Marketing automation: un’opportunità per crescere
La marketing automation non è una soluzione magica, ma un acceleratore di competitività per le PMI che desiderano emergere in un panorama sempre più affollato. Le statistiche dimostrano che l’automazione aumenta lead, conversioni, ricavi e soddisfazione dei clienti. Per raggiungere questi risultati è necessario pianificare con cura, scegliere i software giusti e investire in competenze.
L’esempio di ROMI Company dimostra che un approccio integrato – basato su strategia, tecnologia e misurabilità – può trasformare la marketing automation in un reale vantaggio competitivo. Le loro campagne di marketing automation sono esempi concreti di come si possano automatizzare i processi, ottimizzare le conversioni e ottenere risultati misurabili, mettendo sempre al centro il cliente.

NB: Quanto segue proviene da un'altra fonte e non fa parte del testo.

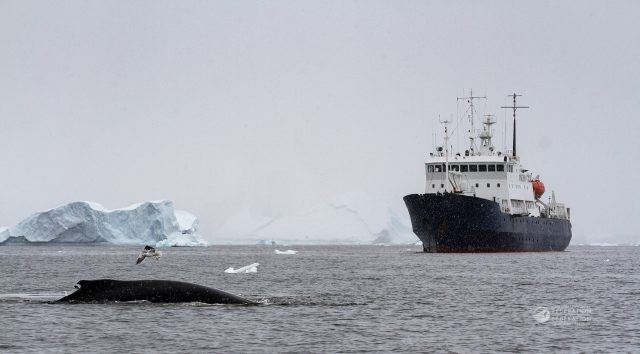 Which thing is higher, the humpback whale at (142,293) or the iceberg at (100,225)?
the iceberg at (100,225)

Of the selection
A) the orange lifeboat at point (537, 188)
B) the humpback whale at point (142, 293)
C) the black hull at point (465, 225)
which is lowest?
the humpback whale at point (142, 293)

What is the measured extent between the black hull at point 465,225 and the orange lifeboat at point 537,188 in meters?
12.3

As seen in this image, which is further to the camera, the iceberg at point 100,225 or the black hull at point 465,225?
the iceberg at point 100,225

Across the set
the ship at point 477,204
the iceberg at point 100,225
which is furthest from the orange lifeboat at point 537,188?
the iceberg at point 100,225

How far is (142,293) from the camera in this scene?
31.3 metres

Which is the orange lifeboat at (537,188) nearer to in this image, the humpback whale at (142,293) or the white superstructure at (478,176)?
the white superstructure at (478,176)

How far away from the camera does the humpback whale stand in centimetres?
3134

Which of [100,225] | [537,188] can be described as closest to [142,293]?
[537,188]

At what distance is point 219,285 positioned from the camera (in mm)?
45469

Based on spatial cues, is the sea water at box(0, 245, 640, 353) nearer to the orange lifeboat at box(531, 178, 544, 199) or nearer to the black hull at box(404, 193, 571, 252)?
the black hull at box(404, 193, 571, 252)

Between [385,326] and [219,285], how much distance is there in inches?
740

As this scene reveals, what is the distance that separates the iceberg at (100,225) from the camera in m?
130

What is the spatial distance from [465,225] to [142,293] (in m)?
59.6

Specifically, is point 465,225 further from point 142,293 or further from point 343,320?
point 343,320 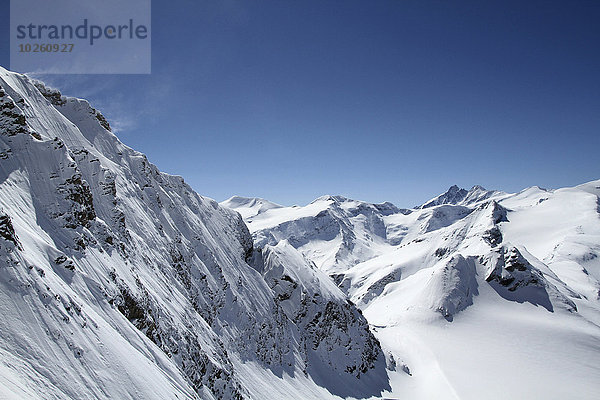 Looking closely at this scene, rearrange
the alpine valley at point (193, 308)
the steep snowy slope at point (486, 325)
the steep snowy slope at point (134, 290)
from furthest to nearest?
the steep snowy slope at point (486, 325), the alpine valley at point (193, 308), the steep snowy slope at point (134, 290)

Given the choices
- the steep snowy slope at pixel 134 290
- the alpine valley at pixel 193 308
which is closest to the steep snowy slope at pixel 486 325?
the alpine valley at pixel 193 308

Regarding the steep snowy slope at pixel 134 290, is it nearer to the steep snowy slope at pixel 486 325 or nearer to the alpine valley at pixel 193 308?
the alpine valley at pixel 193 308

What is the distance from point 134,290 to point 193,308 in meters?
10.7

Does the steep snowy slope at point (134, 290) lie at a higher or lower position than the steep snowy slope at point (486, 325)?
lower

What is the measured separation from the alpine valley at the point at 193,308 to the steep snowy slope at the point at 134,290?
Result: 15 cm

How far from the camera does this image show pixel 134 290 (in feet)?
91.7

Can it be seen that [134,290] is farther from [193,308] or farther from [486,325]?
[486,325]

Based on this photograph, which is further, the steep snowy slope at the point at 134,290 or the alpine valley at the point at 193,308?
the alpine valley at the point at 193,308

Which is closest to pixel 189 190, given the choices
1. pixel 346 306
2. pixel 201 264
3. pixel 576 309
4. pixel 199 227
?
pixel 199 227

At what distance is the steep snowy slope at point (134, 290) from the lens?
710 inches

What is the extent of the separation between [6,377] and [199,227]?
3769cm

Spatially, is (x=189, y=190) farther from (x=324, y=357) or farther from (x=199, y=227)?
(x=324, y=357)

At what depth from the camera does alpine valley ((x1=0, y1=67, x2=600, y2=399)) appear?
1883cm

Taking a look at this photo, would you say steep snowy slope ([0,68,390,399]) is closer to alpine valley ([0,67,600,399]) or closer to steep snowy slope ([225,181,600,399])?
alpine valley ([0,67,600,399]) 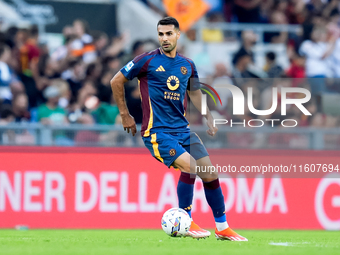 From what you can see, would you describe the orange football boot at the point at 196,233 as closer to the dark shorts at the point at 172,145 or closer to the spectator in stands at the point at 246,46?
the dark shorts at the point at 172,145

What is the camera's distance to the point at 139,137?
10344 millimetres

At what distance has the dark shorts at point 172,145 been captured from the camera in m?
6.55

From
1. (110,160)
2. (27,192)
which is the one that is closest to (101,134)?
(110,160)

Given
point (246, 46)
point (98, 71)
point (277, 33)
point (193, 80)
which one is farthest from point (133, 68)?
point (277, 33)

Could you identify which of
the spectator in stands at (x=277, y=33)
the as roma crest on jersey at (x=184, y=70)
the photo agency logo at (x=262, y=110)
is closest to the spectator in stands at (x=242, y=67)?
the photo agency logo at (x=262, y=110)

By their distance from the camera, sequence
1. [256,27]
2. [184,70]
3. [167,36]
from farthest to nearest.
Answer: [256,27] < [184,70] < [167,36]

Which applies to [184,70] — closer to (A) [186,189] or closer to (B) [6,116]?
(A) [186,189]

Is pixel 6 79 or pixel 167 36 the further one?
pixel 6 79

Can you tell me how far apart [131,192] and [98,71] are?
2662 mm

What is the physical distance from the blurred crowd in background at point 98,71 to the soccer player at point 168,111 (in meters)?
3.69

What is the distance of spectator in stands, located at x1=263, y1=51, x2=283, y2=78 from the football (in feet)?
A: 20.5

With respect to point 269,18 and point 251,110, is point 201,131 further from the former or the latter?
point 269,18

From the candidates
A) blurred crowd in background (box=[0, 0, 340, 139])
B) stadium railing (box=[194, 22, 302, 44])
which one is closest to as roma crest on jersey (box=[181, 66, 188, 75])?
blurred crowd in background (box=[0, 0, 340, 139])

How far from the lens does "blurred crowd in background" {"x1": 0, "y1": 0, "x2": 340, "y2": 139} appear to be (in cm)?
1045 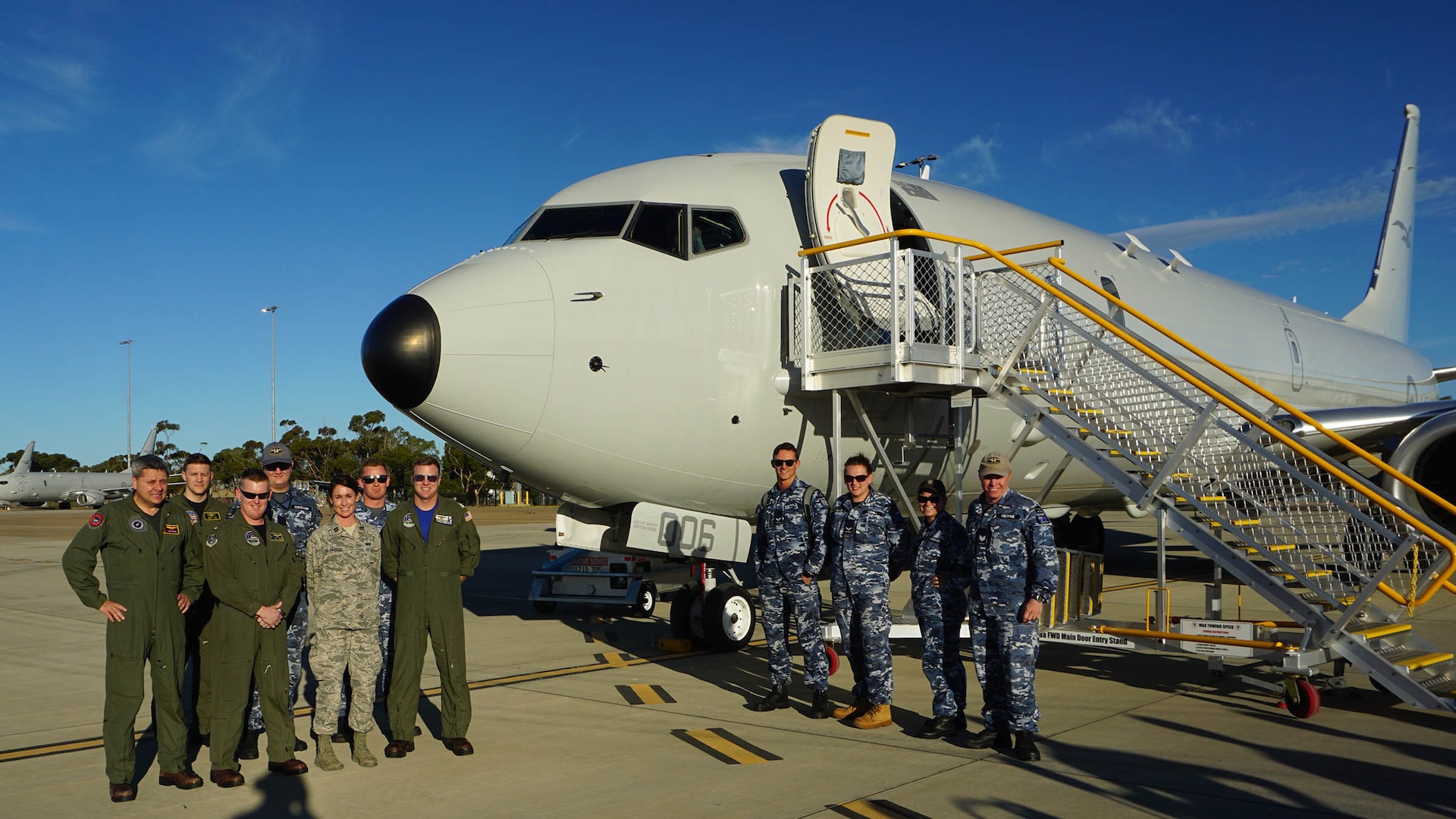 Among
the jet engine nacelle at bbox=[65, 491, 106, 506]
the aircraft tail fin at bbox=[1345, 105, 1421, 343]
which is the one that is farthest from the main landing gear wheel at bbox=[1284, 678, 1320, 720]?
the jet engine nacelle at bbox=[65, 491, 106, 506]

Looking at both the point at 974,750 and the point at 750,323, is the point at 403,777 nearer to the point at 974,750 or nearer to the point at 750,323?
the point at 974,750

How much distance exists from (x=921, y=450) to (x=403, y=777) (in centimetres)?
537

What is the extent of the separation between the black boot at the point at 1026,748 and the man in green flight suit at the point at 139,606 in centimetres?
459

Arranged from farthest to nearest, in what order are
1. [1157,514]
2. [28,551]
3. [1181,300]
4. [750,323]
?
1. [28,551]
2. [1181,300]
3. [750,323]
4. [1157,514]

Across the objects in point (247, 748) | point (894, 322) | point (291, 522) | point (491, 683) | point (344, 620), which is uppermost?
point (894, 322)

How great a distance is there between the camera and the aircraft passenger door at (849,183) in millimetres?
8727

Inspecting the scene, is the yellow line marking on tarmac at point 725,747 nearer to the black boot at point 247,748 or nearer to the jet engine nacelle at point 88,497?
the black boot at point 247,748

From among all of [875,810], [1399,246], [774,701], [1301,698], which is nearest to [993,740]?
[875,810]

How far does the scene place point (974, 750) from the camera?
626cm

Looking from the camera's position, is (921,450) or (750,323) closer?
(750,323)

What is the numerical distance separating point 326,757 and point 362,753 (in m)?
0.20

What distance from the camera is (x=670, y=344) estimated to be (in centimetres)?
825

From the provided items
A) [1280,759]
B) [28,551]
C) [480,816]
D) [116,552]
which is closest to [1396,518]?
[1280,759]

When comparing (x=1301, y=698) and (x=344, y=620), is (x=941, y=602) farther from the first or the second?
(x=344, y=620) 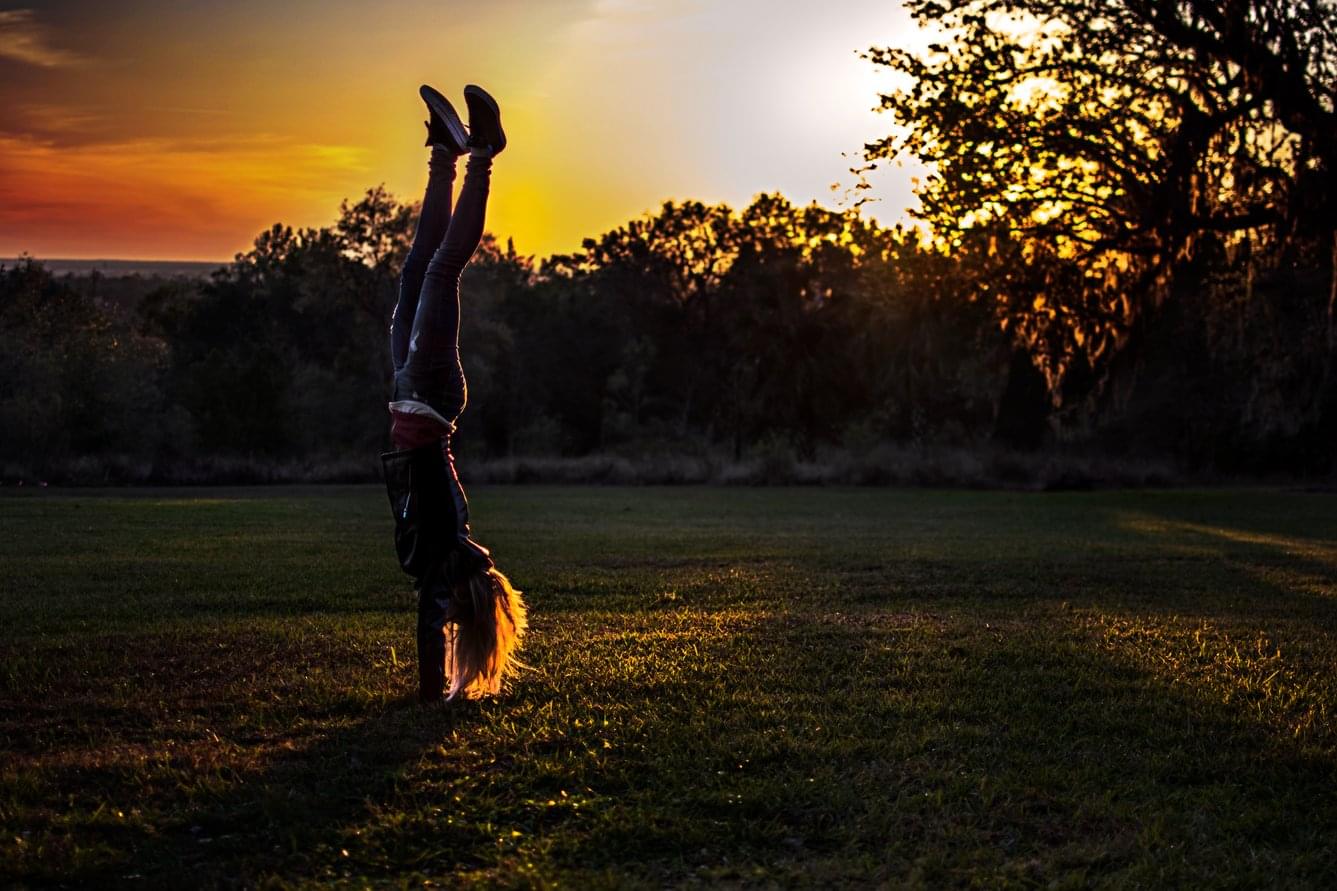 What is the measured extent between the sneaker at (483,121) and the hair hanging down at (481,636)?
207 cm

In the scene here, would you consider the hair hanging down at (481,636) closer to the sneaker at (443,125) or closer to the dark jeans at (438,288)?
the dark jeans at (438,288)

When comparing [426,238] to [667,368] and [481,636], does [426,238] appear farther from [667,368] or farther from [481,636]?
[667,368]

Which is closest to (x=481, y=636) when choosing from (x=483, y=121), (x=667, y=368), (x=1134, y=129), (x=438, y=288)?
(x=438, y=288)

Guardando al futuro, le PMI che adotteranno l’automazione e coltiveranno una cultura digitale saranno meglio attrezzate per affrontare la concorrenza e cogliere le opportunità offerte dalle nuove tecnologie. Chi saprà sperimentare, misurare e ottimizzare potrà trasformare il proprio marketing in un motore di crescita duraturo. È il momento di fare il primo passo: automatizzare per competere e dimostrare che anche le piccole e medie imprese possono giocare alla pari con i grandi.